» WORK ITEM
Write out, as an exact transcription, the line that has "Certificate Natural Blood" and each line after it through the end of the data below.
#####
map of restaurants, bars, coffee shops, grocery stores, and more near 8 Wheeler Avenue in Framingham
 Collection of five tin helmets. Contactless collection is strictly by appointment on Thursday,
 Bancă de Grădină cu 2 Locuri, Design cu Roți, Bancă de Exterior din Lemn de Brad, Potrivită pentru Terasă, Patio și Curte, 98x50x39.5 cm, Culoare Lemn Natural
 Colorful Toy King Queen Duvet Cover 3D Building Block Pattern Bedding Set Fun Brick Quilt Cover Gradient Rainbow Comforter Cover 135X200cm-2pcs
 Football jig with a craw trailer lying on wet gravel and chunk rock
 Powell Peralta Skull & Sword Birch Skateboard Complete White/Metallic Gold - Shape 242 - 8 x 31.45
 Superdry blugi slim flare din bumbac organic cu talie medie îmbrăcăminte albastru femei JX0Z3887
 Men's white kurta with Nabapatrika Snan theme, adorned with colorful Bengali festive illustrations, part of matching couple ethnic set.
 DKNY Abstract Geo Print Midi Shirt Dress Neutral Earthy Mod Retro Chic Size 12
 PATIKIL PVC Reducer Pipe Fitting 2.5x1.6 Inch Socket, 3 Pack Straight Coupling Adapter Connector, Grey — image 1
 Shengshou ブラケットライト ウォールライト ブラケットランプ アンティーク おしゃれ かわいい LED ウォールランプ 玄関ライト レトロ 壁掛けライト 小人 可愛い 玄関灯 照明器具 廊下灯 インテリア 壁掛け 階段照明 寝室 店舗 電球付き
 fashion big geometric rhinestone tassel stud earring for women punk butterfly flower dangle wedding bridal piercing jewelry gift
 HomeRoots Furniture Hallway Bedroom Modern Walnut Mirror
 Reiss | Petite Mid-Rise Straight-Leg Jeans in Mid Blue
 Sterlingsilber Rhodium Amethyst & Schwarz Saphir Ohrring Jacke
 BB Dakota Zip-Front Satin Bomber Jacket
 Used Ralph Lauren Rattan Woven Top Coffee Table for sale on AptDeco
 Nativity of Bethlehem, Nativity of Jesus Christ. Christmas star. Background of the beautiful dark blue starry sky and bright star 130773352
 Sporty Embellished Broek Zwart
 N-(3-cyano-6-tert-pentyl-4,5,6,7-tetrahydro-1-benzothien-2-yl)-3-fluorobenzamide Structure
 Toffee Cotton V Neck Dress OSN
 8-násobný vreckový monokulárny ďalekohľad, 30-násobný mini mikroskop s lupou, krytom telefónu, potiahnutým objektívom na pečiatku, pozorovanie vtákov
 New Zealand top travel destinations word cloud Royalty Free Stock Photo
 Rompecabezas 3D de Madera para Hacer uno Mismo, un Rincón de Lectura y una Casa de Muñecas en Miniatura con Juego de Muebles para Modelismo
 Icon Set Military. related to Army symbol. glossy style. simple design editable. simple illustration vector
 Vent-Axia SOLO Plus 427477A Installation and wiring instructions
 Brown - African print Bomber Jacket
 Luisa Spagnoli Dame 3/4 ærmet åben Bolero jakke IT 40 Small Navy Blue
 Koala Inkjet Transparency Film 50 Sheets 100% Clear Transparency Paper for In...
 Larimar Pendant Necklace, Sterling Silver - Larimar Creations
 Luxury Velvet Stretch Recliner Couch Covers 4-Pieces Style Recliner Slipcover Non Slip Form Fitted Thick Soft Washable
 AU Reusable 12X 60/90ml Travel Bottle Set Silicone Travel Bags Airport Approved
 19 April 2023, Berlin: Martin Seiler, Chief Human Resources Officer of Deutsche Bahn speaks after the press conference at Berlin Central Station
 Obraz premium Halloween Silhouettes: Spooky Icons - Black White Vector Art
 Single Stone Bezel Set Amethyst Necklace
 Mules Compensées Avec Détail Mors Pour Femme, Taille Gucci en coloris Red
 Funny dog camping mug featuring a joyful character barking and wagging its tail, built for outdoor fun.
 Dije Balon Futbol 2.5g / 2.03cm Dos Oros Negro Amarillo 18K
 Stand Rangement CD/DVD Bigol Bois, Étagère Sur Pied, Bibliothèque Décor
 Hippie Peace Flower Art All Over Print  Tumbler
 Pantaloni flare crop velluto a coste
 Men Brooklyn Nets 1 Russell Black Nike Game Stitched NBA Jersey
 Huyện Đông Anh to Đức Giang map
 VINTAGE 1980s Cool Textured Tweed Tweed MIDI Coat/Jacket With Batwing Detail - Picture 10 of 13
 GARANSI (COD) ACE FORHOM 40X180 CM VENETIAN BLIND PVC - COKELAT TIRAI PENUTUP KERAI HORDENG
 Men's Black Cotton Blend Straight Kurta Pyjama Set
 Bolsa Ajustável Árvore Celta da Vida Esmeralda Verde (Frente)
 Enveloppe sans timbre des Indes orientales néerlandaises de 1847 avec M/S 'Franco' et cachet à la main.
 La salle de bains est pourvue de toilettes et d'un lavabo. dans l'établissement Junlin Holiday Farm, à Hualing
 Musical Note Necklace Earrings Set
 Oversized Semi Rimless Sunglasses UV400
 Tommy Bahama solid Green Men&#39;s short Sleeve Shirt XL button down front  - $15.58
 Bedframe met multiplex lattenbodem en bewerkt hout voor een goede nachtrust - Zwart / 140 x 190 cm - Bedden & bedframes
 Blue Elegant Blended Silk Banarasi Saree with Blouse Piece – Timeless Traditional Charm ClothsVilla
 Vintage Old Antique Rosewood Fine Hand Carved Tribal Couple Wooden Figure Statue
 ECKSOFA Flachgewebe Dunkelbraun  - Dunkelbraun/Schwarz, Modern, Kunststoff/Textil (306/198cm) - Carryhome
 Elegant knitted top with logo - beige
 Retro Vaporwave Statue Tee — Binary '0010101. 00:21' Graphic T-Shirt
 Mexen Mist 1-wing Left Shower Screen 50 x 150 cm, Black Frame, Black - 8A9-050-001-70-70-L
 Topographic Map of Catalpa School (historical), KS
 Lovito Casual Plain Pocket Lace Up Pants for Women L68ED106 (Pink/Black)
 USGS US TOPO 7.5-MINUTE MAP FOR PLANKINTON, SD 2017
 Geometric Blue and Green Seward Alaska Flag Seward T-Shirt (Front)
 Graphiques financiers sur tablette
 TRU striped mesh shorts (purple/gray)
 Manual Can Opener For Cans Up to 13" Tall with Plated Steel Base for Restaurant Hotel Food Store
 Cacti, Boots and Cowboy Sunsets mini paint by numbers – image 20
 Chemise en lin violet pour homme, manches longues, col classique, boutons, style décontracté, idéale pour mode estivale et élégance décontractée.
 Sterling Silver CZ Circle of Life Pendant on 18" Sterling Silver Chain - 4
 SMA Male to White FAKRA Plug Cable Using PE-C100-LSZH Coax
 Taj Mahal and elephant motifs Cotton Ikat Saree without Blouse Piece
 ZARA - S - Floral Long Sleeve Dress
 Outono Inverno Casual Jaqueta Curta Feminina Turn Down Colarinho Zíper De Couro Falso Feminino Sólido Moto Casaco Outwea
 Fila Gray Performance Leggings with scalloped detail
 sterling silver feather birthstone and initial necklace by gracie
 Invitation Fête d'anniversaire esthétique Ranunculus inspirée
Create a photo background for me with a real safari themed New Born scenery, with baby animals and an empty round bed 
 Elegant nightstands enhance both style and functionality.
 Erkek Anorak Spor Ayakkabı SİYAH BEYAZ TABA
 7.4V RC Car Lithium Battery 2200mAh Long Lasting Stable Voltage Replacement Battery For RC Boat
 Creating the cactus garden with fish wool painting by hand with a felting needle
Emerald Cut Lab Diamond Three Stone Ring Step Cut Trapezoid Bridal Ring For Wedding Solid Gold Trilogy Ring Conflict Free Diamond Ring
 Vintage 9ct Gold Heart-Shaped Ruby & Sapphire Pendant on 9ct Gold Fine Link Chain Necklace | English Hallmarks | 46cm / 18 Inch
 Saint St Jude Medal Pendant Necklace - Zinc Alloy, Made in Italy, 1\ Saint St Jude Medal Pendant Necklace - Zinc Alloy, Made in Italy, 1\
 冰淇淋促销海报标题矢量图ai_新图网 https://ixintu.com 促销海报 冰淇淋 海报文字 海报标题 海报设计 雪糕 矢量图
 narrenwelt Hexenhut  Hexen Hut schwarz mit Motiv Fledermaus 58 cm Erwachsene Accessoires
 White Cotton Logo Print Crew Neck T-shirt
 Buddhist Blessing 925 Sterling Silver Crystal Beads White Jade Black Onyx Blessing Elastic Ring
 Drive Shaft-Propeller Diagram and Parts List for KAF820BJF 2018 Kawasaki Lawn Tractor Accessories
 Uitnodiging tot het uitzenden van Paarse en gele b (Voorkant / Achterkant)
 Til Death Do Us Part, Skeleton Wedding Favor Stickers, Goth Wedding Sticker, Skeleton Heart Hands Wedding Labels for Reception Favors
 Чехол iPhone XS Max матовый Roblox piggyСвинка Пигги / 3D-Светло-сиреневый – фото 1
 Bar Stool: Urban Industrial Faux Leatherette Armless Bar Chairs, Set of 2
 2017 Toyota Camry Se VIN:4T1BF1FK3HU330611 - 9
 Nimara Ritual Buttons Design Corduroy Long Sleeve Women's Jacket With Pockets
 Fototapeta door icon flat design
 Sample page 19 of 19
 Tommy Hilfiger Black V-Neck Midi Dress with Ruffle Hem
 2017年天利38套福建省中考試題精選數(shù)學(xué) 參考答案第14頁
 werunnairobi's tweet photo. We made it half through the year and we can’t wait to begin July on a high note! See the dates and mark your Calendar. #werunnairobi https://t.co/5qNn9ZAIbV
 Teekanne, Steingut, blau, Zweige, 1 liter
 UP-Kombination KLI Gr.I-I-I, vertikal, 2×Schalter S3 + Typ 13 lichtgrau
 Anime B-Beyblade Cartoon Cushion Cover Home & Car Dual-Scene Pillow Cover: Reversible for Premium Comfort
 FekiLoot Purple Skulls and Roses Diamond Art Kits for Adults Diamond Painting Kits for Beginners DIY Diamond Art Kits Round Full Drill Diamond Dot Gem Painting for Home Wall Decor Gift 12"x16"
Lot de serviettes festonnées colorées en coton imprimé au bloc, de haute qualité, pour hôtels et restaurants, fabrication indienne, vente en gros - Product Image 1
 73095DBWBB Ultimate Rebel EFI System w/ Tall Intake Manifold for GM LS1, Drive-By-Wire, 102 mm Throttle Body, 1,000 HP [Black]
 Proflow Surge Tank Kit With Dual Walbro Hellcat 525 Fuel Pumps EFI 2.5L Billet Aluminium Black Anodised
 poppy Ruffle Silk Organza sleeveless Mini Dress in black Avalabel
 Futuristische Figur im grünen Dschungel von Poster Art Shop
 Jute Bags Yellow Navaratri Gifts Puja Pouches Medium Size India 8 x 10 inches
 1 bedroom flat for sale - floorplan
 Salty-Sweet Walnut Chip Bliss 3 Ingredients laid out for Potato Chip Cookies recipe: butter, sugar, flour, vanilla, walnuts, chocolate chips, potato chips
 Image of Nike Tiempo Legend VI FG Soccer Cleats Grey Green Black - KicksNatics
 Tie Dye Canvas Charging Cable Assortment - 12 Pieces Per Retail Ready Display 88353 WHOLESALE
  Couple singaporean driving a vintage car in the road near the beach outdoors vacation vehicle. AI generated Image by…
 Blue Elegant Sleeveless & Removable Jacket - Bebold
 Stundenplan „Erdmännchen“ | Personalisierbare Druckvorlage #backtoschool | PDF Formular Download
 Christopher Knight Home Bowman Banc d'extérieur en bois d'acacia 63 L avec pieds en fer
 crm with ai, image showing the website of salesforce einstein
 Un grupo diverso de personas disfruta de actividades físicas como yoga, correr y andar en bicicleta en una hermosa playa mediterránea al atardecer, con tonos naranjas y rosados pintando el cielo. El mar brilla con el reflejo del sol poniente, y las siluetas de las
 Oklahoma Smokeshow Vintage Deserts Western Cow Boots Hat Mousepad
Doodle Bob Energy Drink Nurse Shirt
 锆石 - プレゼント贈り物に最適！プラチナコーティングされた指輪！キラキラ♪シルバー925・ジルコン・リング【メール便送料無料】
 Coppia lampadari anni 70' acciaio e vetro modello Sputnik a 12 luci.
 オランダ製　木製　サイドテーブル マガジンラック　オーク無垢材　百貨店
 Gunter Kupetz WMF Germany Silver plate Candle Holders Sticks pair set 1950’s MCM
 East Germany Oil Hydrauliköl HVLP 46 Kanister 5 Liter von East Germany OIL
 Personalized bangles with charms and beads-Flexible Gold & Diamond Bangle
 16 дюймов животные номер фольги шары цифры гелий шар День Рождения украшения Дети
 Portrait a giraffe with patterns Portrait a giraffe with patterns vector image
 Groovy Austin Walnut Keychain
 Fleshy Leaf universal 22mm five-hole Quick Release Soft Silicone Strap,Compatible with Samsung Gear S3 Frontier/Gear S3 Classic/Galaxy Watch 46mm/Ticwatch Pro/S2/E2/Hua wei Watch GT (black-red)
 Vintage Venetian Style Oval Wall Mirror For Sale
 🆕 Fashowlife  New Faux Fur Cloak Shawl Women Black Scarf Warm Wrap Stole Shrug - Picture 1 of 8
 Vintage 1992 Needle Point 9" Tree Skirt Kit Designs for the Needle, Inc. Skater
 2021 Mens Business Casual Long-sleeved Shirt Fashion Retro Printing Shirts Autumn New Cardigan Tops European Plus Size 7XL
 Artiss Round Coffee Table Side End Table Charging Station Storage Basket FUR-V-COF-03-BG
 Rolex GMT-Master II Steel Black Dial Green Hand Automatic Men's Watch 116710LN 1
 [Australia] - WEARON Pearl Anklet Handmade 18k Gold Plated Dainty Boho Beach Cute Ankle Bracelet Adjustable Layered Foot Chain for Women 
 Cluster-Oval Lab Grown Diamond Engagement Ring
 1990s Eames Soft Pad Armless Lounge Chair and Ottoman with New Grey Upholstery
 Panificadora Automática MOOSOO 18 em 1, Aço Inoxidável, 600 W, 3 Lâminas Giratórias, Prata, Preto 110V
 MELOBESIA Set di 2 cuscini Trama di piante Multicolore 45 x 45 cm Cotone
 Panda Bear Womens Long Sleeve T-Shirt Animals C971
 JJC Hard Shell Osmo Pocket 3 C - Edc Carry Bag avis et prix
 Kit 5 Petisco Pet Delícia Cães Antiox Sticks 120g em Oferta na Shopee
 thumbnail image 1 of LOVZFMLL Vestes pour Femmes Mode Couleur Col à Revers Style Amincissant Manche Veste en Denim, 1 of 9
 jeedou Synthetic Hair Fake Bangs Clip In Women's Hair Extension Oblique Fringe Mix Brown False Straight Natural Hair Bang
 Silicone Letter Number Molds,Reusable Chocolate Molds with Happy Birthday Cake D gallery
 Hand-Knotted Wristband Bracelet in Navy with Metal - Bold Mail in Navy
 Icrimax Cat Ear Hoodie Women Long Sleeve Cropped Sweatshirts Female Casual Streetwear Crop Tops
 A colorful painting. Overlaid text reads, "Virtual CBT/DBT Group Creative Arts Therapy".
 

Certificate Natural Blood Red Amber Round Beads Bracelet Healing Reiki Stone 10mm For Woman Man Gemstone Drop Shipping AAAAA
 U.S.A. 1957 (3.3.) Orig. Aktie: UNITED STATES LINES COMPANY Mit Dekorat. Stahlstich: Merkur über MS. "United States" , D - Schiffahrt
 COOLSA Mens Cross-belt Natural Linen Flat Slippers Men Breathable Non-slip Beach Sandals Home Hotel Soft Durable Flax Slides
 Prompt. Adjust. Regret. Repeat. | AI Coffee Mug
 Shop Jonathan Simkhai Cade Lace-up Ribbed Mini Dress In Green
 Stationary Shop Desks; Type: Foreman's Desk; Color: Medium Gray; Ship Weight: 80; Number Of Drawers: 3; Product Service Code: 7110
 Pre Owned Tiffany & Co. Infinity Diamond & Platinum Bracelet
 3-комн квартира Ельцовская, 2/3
#####
» SOLUTION FOR THIS TASK
Certificate Natural Blood Red Amber Round Beads Bracelet Healing Reiki Stone 10mm For Woman Man Gemstone Drop Shipping AAAAA
 U.S.A. 1957 (3.3.) Orig. Aktie: UNITED STATES LINES COMPANY Mit Dekorat. Stahlstich: Merkur über MS. "United States" , D - Schiffahrt
 COOLSA Mens Cross-belt Natural Linen Flat Slippers Men Breathable Non-slip Beach Sandals Home Hotel Soft Durable Flax Slides
 Prompt. Adjust. Regret. Repeat. | AI Coffee Mug
 Shop Jonathan Simkhai Cade Lace-up Ribbed Mini Dress In Green
 Stationary Shop Desks; Type: Foreman's Desk; Color: Medium Gray; Ship Weight: 80; Number Of Drawers: 3; Product Service Code: 7110
 Pre Owned Tiffany & Co. Infinity Diamond & Platinum Bracelet
 3-комн квартира Ельцовская, 2/3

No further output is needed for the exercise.